§ **EXERCISE BRIEF**
For this exercise, write out only the lines of the entries below from the one with "Hello everyone, and" up to and including the one with "Another example is", exactly as they are. Pictures stay out.

§ **INFORMATION**
= = =
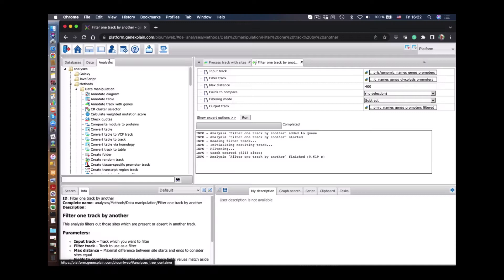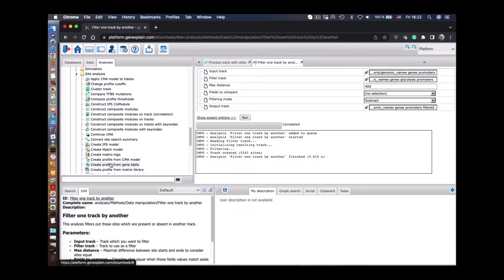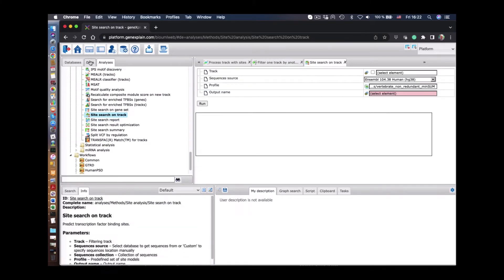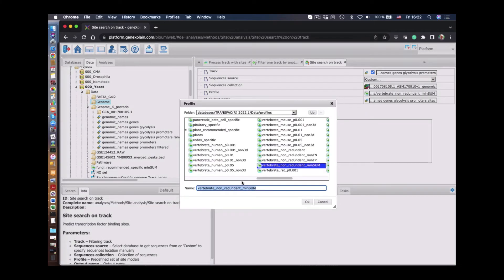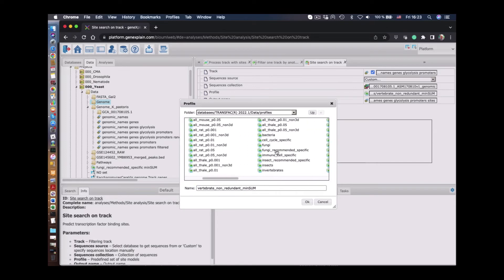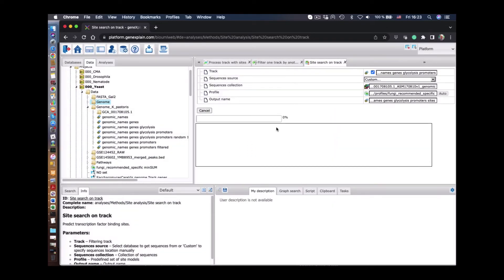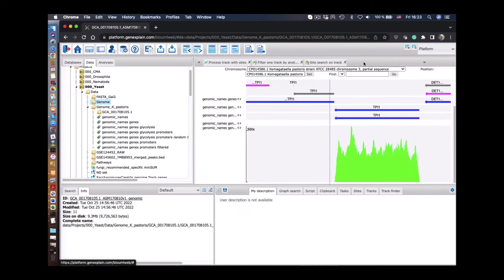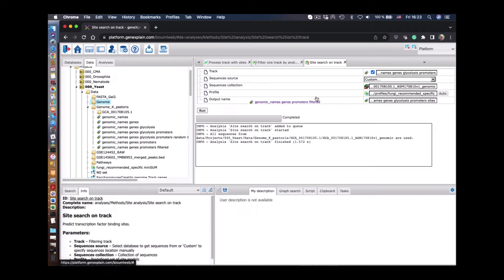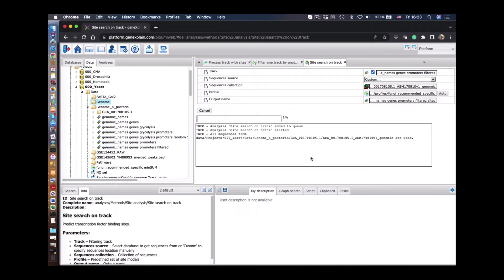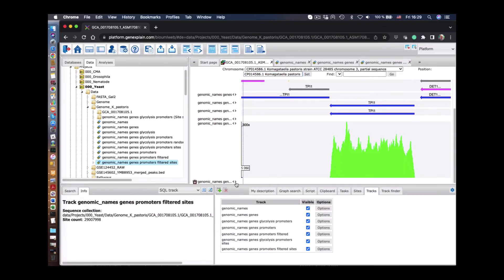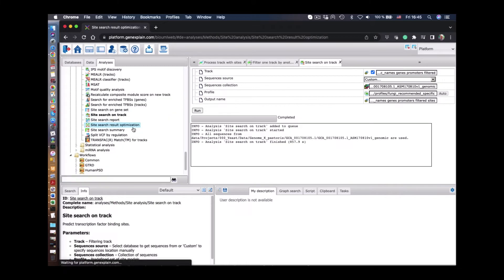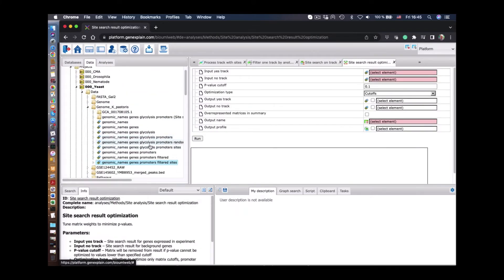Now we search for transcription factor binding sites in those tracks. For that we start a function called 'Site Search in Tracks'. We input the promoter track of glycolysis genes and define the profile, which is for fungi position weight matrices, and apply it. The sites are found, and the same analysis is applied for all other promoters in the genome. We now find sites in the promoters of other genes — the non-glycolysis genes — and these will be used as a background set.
= = =
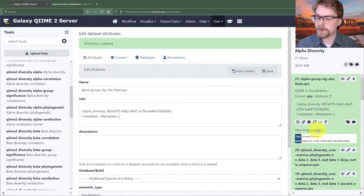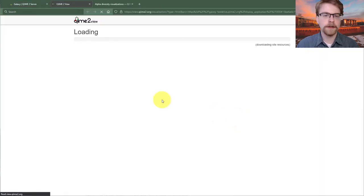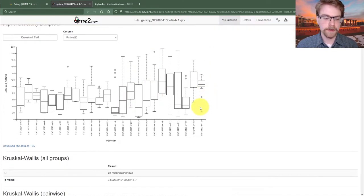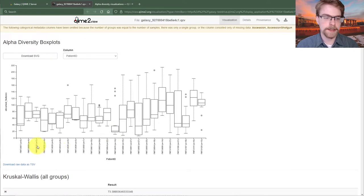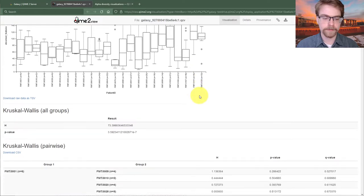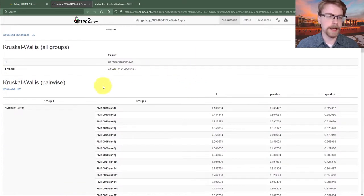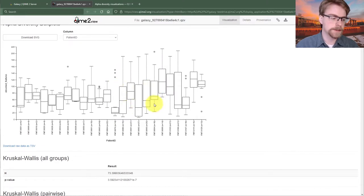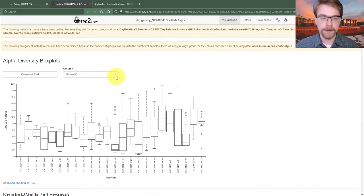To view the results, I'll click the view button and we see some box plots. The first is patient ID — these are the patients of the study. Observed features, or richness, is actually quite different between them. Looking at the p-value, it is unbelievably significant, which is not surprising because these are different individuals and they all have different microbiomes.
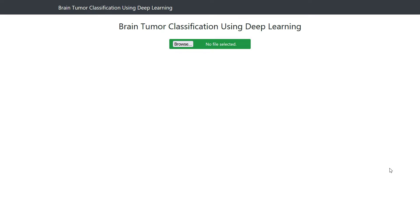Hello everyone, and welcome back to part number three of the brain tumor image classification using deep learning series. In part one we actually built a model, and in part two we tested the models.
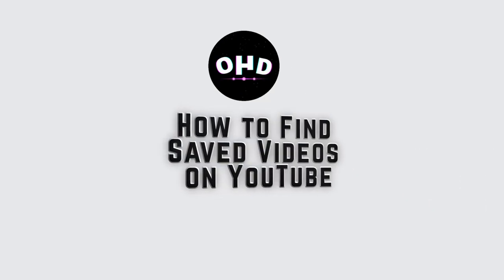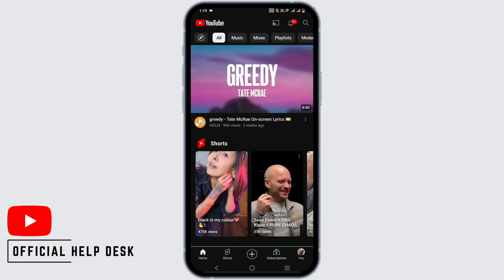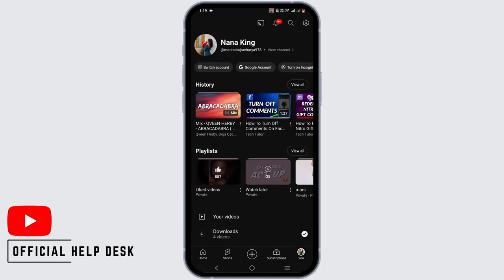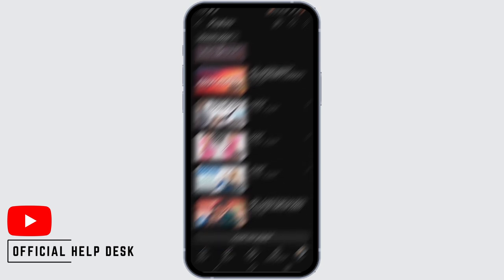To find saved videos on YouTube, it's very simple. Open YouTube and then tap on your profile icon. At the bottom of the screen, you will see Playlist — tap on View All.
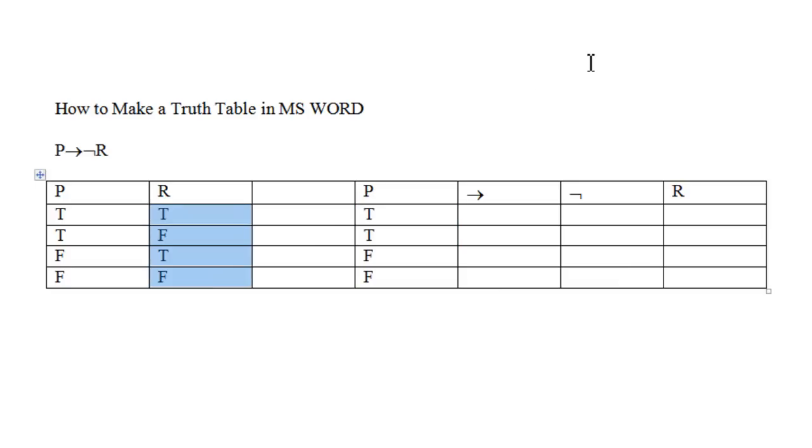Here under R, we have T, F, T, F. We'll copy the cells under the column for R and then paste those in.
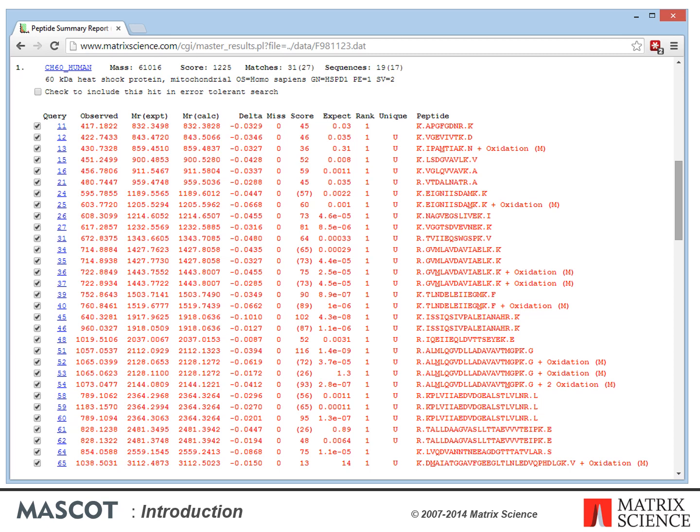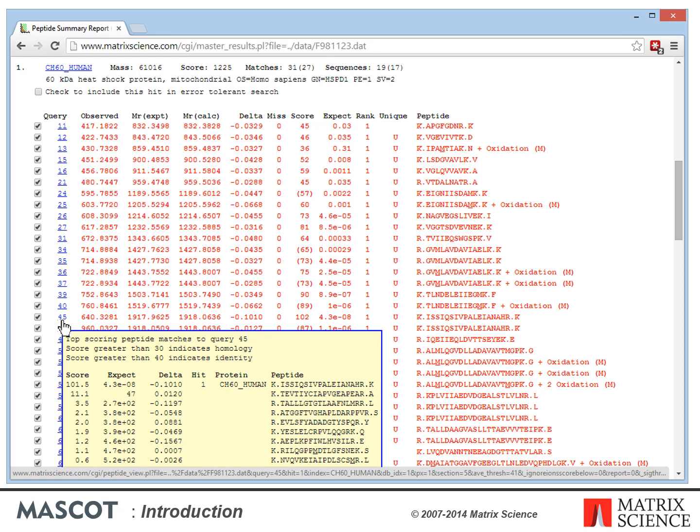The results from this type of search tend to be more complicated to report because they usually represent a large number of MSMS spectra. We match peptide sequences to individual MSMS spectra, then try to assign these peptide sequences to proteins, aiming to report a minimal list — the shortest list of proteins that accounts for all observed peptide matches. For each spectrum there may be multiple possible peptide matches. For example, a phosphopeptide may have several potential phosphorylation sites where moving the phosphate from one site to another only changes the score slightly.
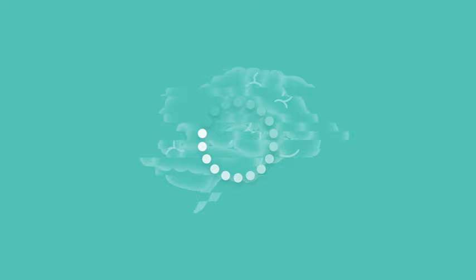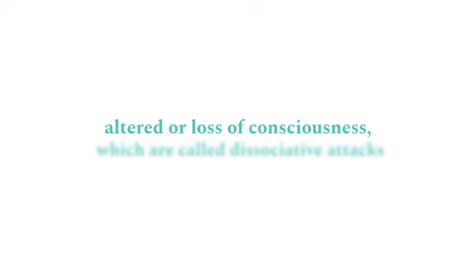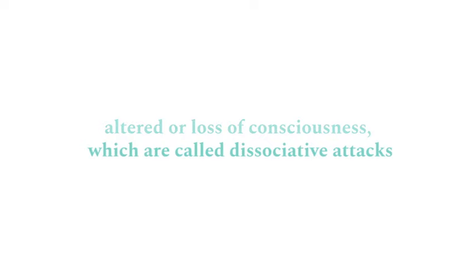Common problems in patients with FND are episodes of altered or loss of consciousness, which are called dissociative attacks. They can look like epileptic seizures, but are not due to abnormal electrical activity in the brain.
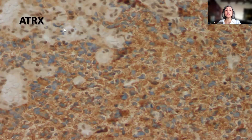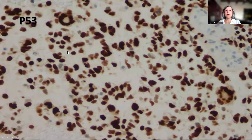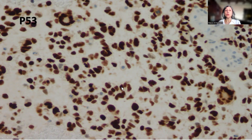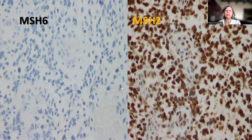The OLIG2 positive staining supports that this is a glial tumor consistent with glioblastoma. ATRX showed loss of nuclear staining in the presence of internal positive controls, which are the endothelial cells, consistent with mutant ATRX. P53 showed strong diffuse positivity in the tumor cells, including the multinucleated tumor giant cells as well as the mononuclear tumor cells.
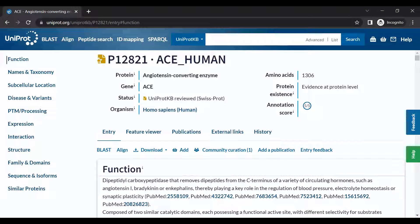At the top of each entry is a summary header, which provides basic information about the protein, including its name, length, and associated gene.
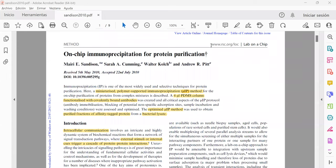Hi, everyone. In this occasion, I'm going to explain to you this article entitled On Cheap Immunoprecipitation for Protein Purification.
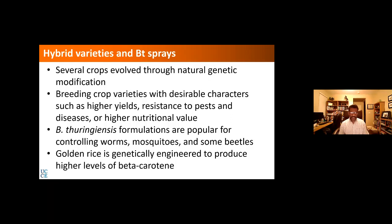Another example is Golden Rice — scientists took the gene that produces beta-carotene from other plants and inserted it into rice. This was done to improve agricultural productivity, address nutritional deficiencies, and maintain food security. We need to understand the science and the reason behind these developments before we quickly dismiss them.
= = =
§ **EXERCISE RESULT**
Hello everyone, and welcome back to part number three of the brain tumor image classification using deep learning series. In part one we actually built a model, and in part two we tested the models.
To find saved videos on YouTube, it's very simple. Open YouTube and then tap on your profile icon. At the bottom of the screen, you will see Playlist — tap on View All.
Here under R, we have T, F, T, F. We'll copy the cells under the column for R and then paste those in.
The results from this type of search tend to be more complicated to report because they usually represent a large number of MSMS spectra. We match peptide sequences to individual MSMS spectra, then try to assign these peptide sequences to proteins, aiming to report a minimal list — the shortest list of proteins that accounts for all observed peptide matches. For each spectrum there may be multiple possible peptide matches. For example, a phosphopeptide may have several potential phosphorylation sites where moving the phosphate from one site to another only changes the score slightly.
Common problems in patients with FND are episodes of altered or loss of consciousness, which are called dissociative attacks. They can look like epileptic seizures, but are not due to abnormal electrical activity in the brain.
The OLIG2 positive staining supports that this is a glial tumor consistent with glioblastoma. ATRX showed loss of nuclear staining in the presence of internal positive controls, which are the endothelial cells, consistent with mutant ATRX. P53 showed strong diffuse positivity in the tumor cells, including the multinucleated tumor giant cells as well as the mononuclear tumor cells.
At the top of each entry is a summary header, which provides basic information about the protein, including its name, length, and associated gene.
Hi, everyone. In this occasion, I'm going to explain to you this article entitled On Cheap Immunoprecipitation for Protein Purification.
Another example is Golden Rice — scientists took the gene that produces beta-carotene from other plants and inserted it into rice. This was done to improve agricultural productivity, address nutritional deficiencies, and maintain food security. We need to understand the science and the reason behind these developments before we quickly dismiss them.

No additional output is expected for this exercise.